For with much wisdom comes much sorrow;
the more knowledge, the more grief. Ecclesiastes 1:16-18
            Solomon makes the point that getting smarter doesn’t make you wiser.  Intelligence is the accumulation of information.  Wisdom is the application of experience.
            Smart people know what to do but don’t necessarily apply what they’ve learned.
            College pushes the consumption of information, but usually fails in teaching students how to live life better, unless a better job means a better life to them.
            Also, intelligent people accumulate only a certain type of information that they want to acquire and leave out what they don’t think matters.  This is biased information-gathering and can miss the truth, basing their intelligence on emotion and feelings.

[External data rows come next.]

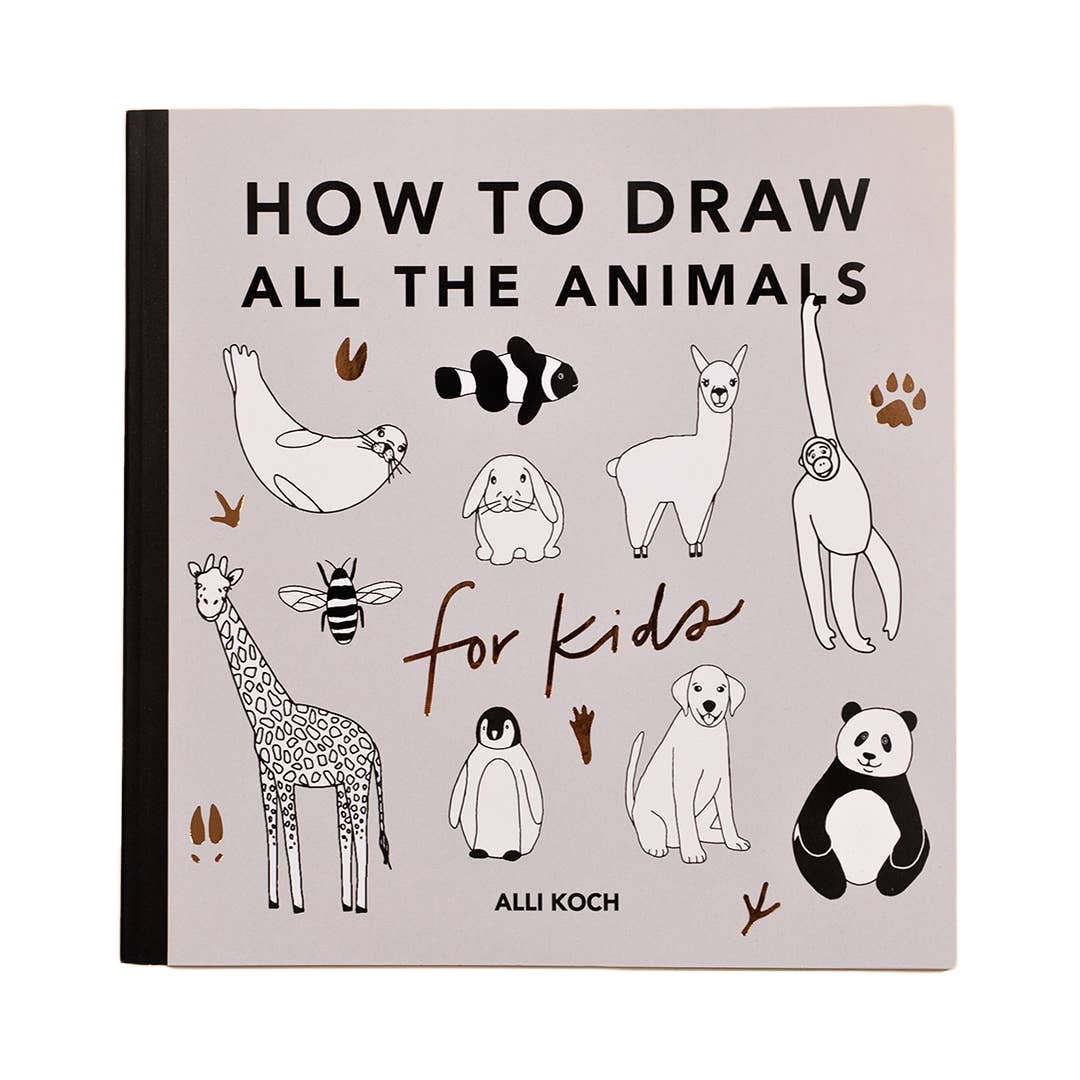 All The Animals: How to Draw Book for Kids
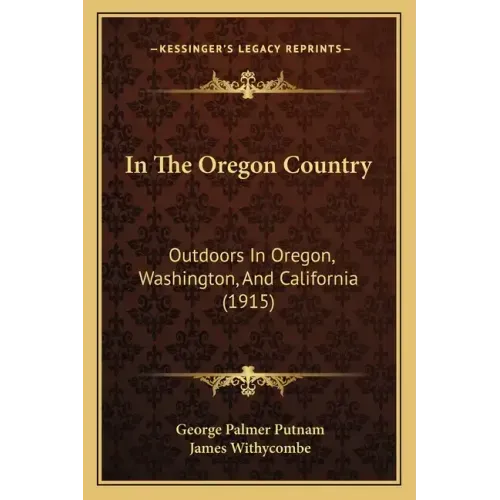 In The Oregon Country: Outdoors In Oregon, Washington, And California (1915)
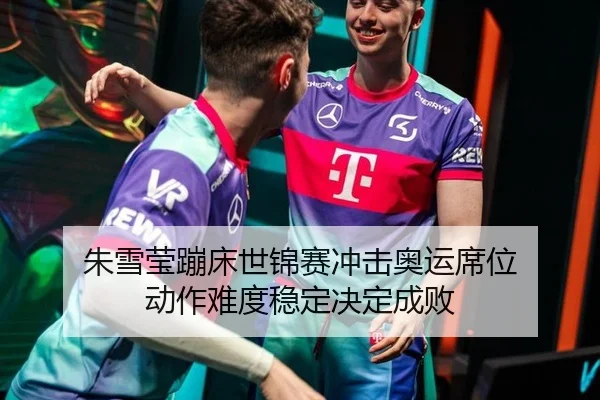 朱雪莹蹦床世锦赛冲击奥运席位 动作难度稳定决定成败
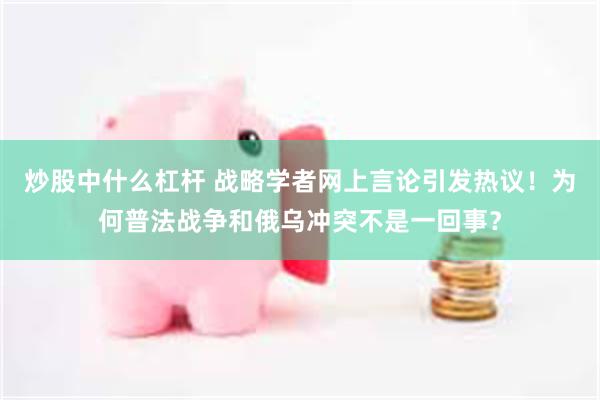 炒股中什么杠杆 战略学者网上言论引发热议！为何普法战争和俄乌冲突不是一回事？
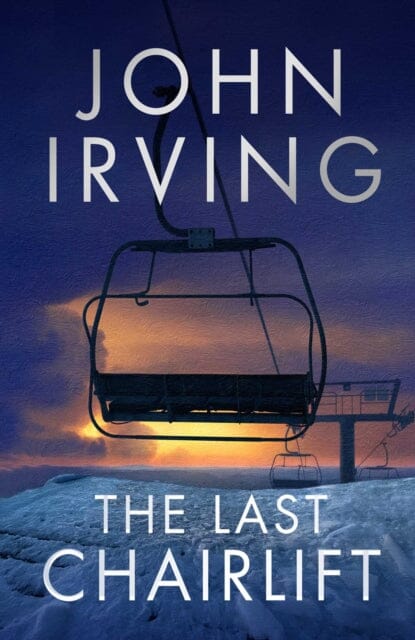 The Last Chairlift by John Irving Extended Range Simon & Schuster Ltd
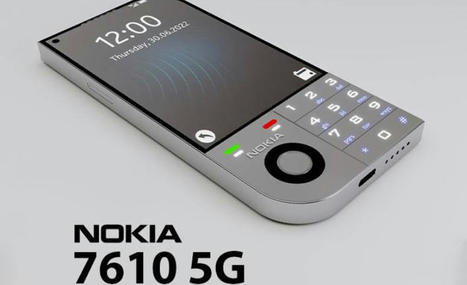 Nokia 7610 5g 2024: Price, Release Date, Feature & Specs | Education | Scoop.it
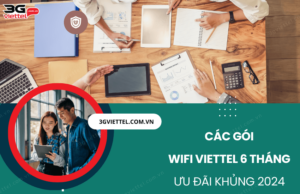goi wifi viettel 6 thang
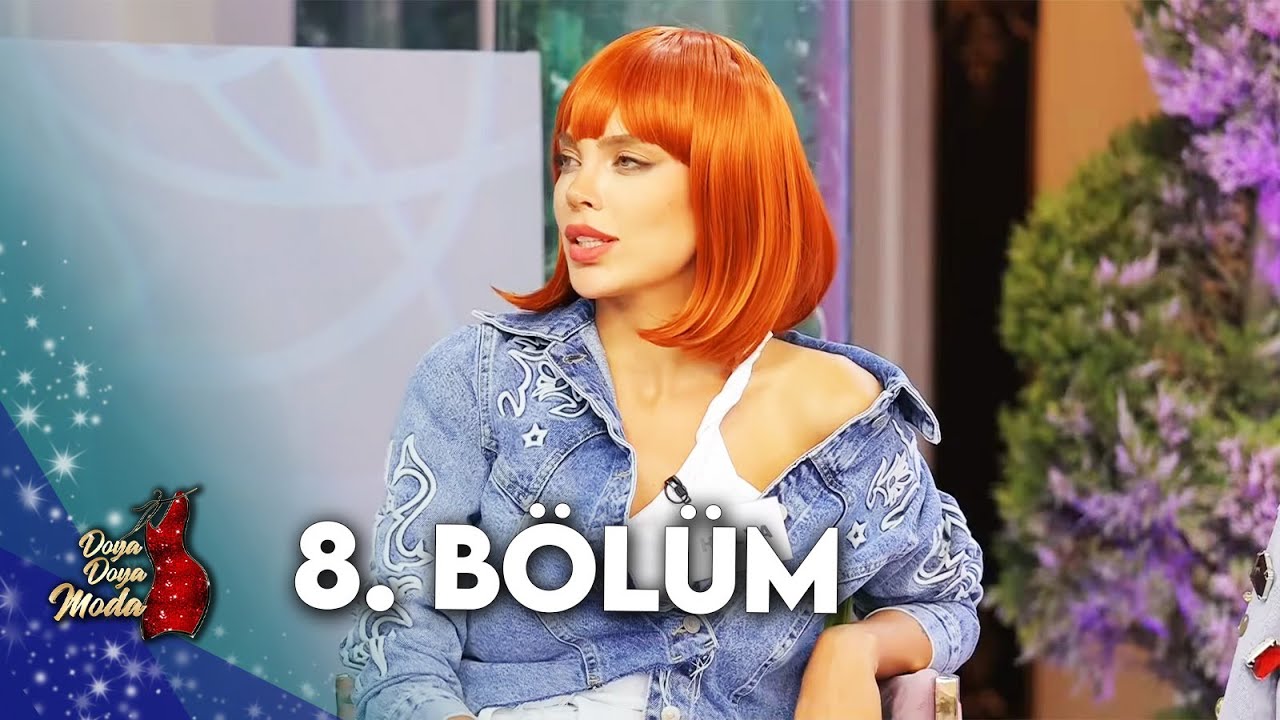 DOYA DOYA MODA 8. BÖLÜM @DoyaDoyaModa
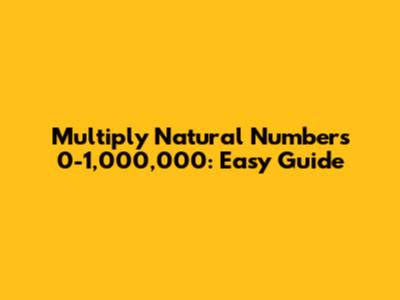 Multiply Natural Numbers 0-1,000,000: Easy Guide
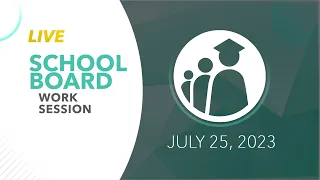 School Board Work Session | July 25, 2023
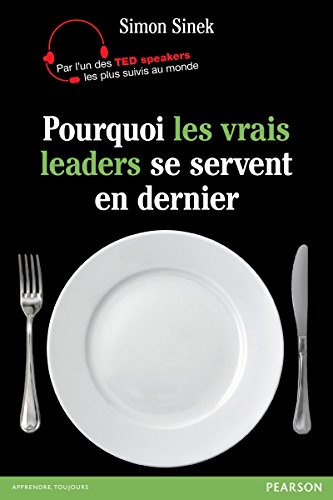 Pourquoi les vrais leaders se servent en dernier (VILLAGE MONDIAL) (French Edition)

            Colleges hire professors who fit a certain mold and communicate a certain agenda so you have to be careful.
            Solomon’s final point in verse 18 says the more we know, the sadder we become.  That is true.  When we dig deep into any issue, we discover heartache, betrayal, dead-ends and cover-ups.
            Colleges have a high suicide rate as pressure and expectation push people to the brink.  Some who go to college do come to the realization that their own lives are meaningless, falling short and put themselves in last place.
            Going to a college where you feel God called you, doing something you feel God wants you to do, and reaching people at college for Jesus Christ, gives the college experience lots of meaning.